** Opening RECORDS FOR PROCESSING block **

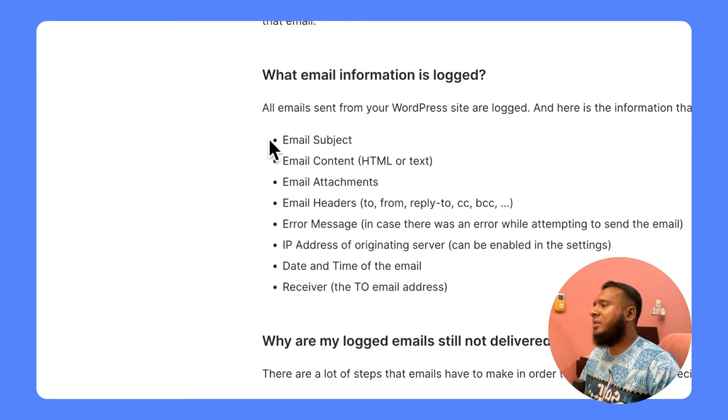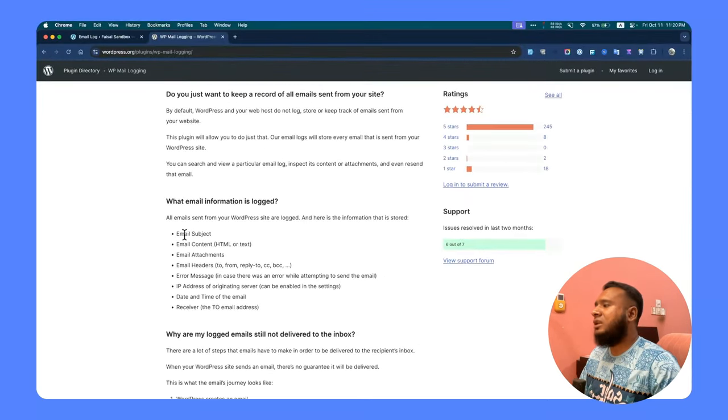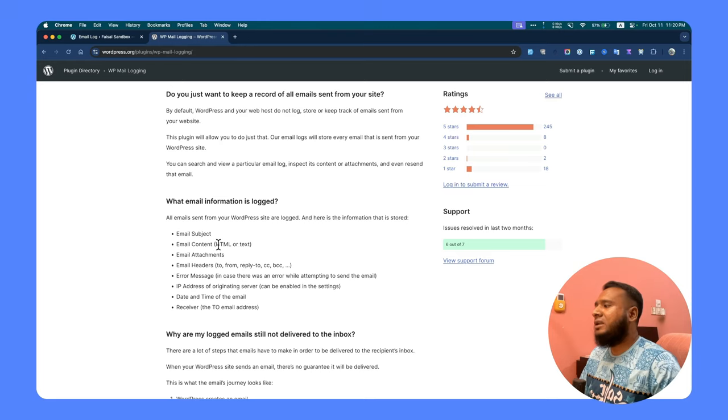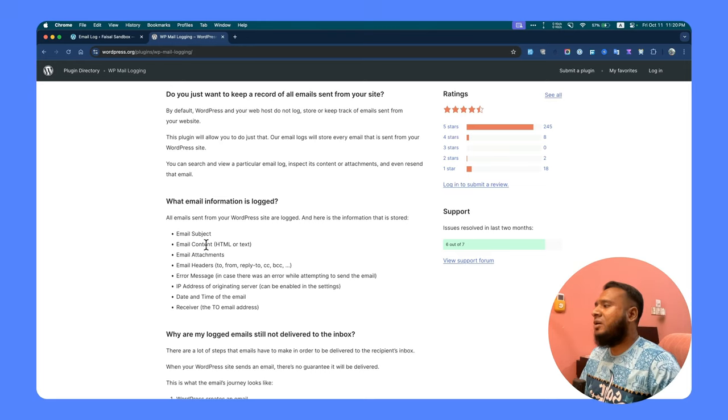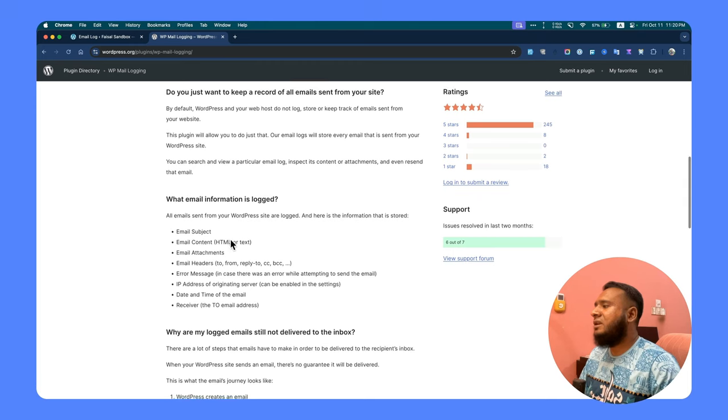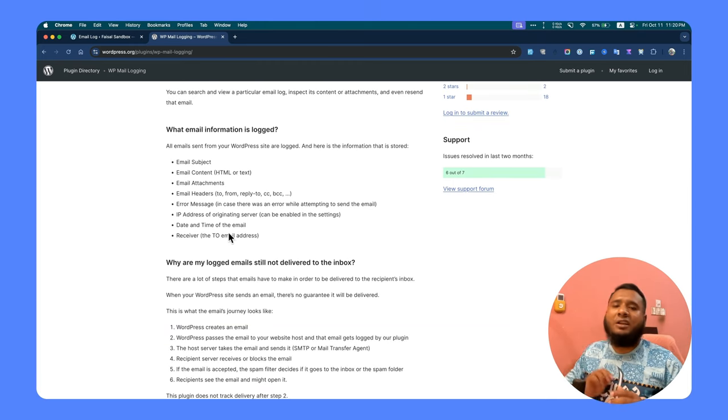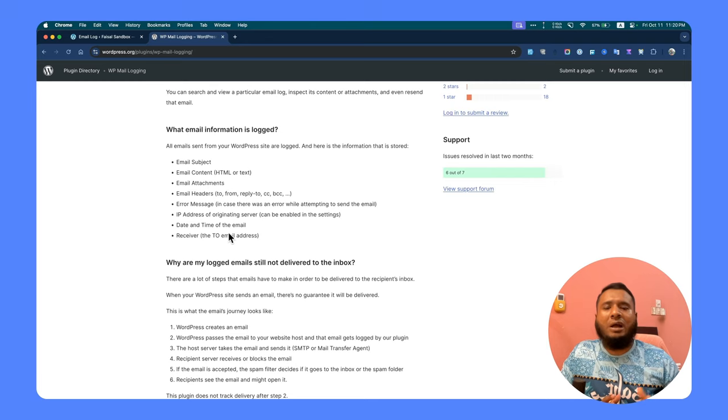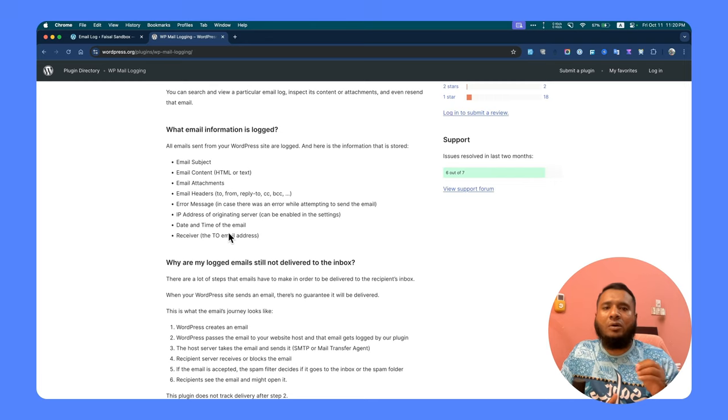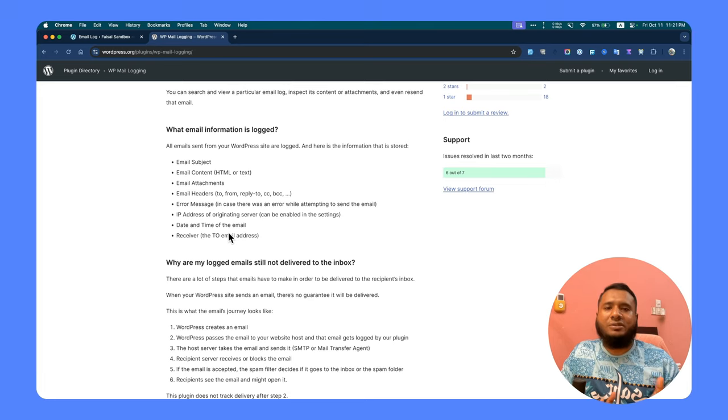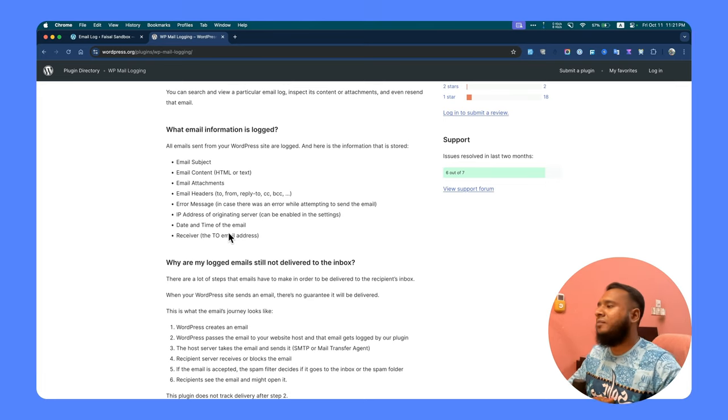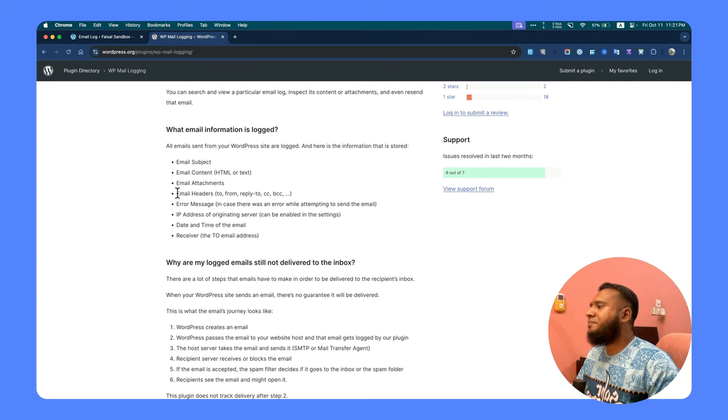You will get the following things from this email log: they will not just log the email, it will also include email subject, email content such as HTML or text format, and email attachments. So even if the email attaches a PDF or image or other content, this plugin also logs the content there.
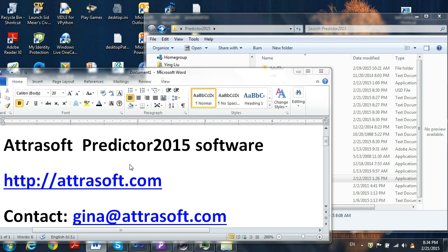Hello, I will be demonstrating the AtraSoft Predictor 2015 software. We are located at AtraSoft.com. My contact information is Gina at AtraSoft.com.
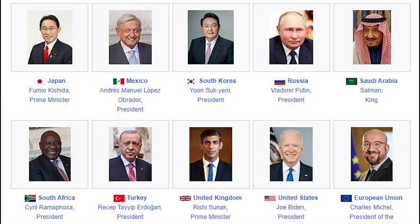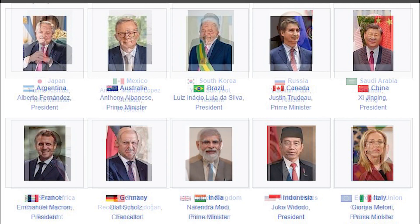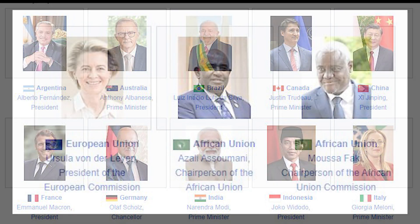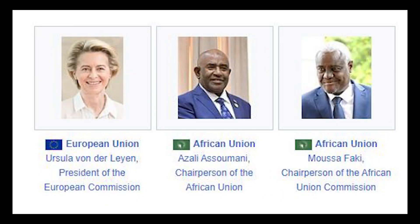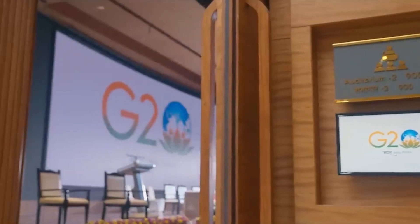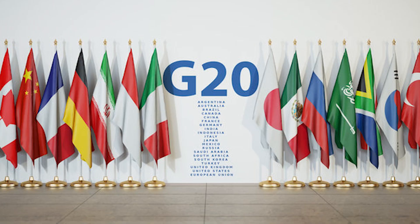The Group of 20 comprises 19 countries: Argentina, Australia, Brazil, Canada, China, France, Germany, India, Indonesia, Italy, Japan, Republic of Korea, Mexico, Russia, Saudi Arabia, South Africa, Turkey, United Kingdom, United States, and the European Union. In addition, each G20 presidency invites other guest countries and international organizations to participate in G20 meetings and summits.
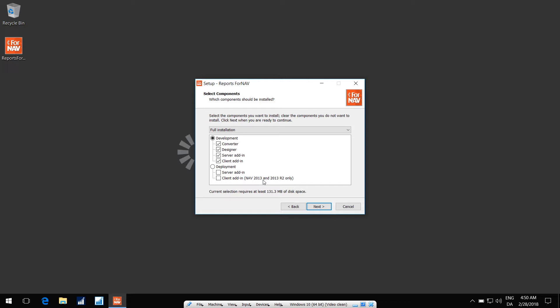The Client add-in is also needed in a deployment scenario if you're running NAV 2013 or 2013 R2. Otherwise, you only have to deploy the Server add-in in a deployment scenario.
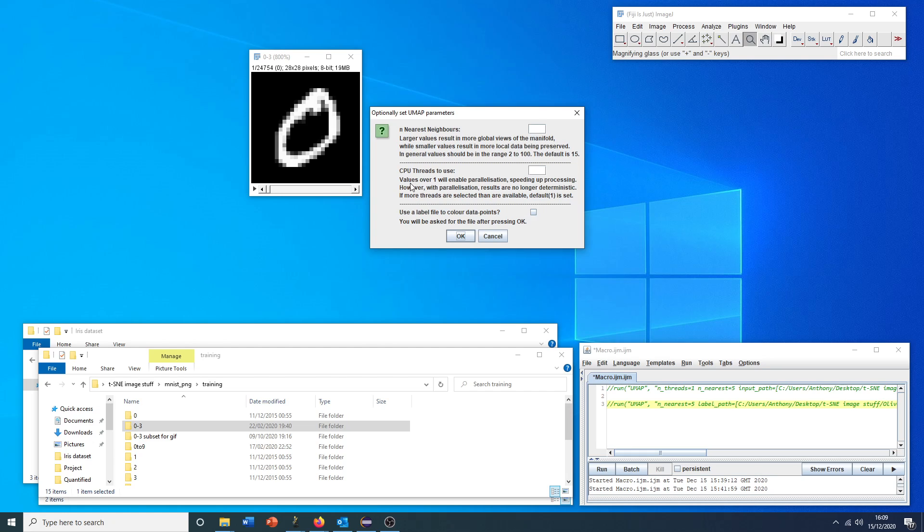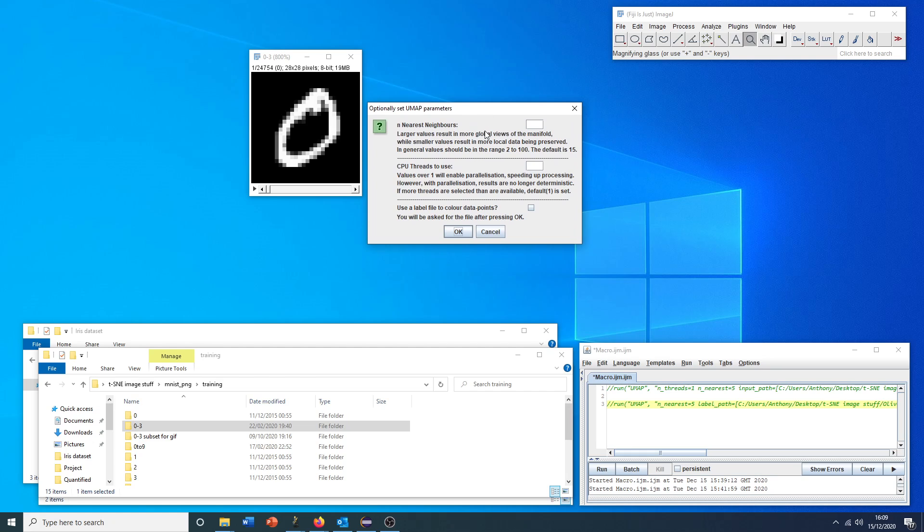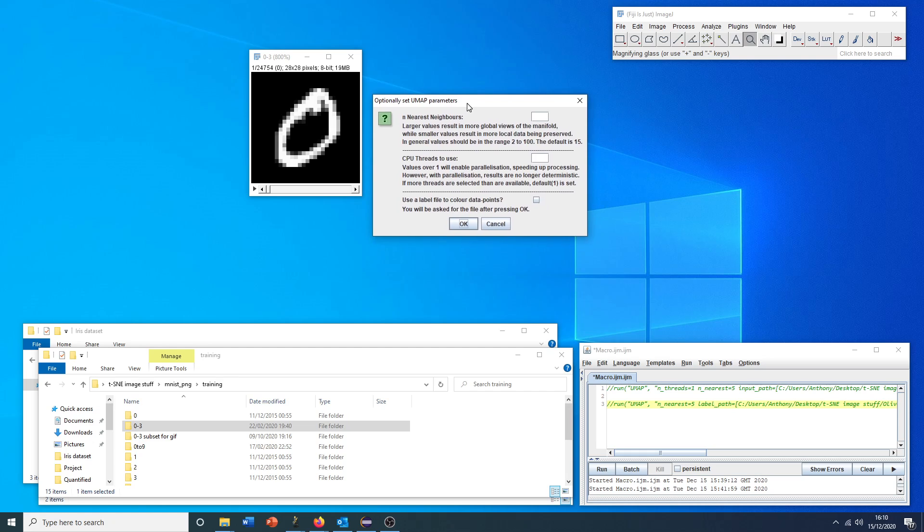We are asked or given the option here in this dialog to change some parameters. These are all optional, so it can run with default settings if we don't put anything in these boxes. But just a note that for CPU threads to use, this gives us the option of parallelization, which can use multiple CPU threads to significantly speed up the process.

** Closing RECORDS FOR PROCESSING block **

#### EXERCISE AIM
Here the job is to print all the data exactly, skipping any image.

#### ANSWER SECTION
You will get the following things from this email log: they will not just log the email, it will also include email subject, email content such as HTML or text format, and email attachments. So even if the email attaches a PDF or image or other content, this plugin also logs the content there.
Hello, I will be demonstrating the AtraSoft Predictor 2015 software. We are located at AtraSoft.com. My contact information is Gina at AtraSoft.com.
The Group of 20 comprises 19 countries: Argentina, Australia, Brazil, Canada, China, France, Germany, India, Indonesia, Italy, Japan, Republic of Korea, Mexico, Russia, Saudi Arabia, South Africa, Turkey, United Kingdom, United States, and the European Union. In addition, each G20 presidency invites other guest countries and international organizations to participate in G20 meetings and summits.
The Client add-in is also needed in a deployment scenario if you're running NAV 2013 or 2013 R2. Otherwise, you only have to deploy the Server add-in in a deployment scenario.
We are asked or given the option here in this dialog to change some parameters. These are all optional, so it can run with default settings if we don't put anything in these boxes. But just a note that for CPU threads to use, this gives us the option of parallelization, which can use multiple CPU threads to significantly speed up the process.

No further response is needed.